If the maids-of-honour have been chosen for their supreme good looks, the lady archeresses, clad in Lincoln green, are also a bevy of beauty. It seems, indeed, as if so many fair women have never been gathered together before. The costumes, too, are so splendid: some are modelled on the lines of those worn in the days of Henry VIII. and Queen Elizabeth, but others are Jacobean; and there are also some old French, Spanish, and Russian dresses. Some of these have cost no less than £2000, and the display of magnificent jewellery is wonderful.

And now they have reached the tilting-ground. The Queen of Beauty is led to her gilded throne by the Lord of the Tourney; the other ladies of high degree take up their positions in balcony and stand, and the joust begins. The trumpets blow, and on the words "Laissez aller !" from the lips of the Knight Marshal, the Knight of the Swan and the Knight of the Golden Lion run their first tilt. Then Lord Eglinton appears as challenger in the next tilt, his noble bearing, the beauty of his charger, and his skill in its management drawing forth repeated shouts and acclamations from the multitude.
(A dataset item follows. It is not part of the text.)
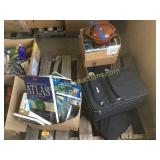 Pallet of books, suitcase, misc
His opponent, the Marquis of Waterford, also excites much admiration.

Twice out of the three rounds does the Lord of the Tourney break his lance on his opponent's shield; and then, amid deafening shouts, he rides to the balcony and pays his devoir to the Queen.

There were seven tilts that day.

Then came the sword combat of the mêlée,

in which eight of the knights engaged, and which must indeed have been a stirring scene. The eyes of thousands eagerly scanned the bearing of the combatants, who had difficulty to restrain their fiery steeds, till the heralds gave the signal. When the trumpets sounded, there was not a moment lost. The knights met at full gallop, and blows were given and exchanged across the barrier with right good will-indeed, before the mêlée was over, Lord Waterford and Lord Alford were fighting in deadly earnest, and had to be separated by the Knight Marshal. It was a wonderful sight; and, as they watched that "heady fight," the minds of the spectators must have been carried back hundreds of years, to the times of the Crusaders and the days of chivalry, when they saw the glowing descriptions of the old chroniclers acted before their eyes. This mêlée ended the tournament; and then the Queen of Beauty crowned the victor with a wreath, while the Knight Marshal rode round the lists, proclaiming to the assembled multitudes the name of the successful champion.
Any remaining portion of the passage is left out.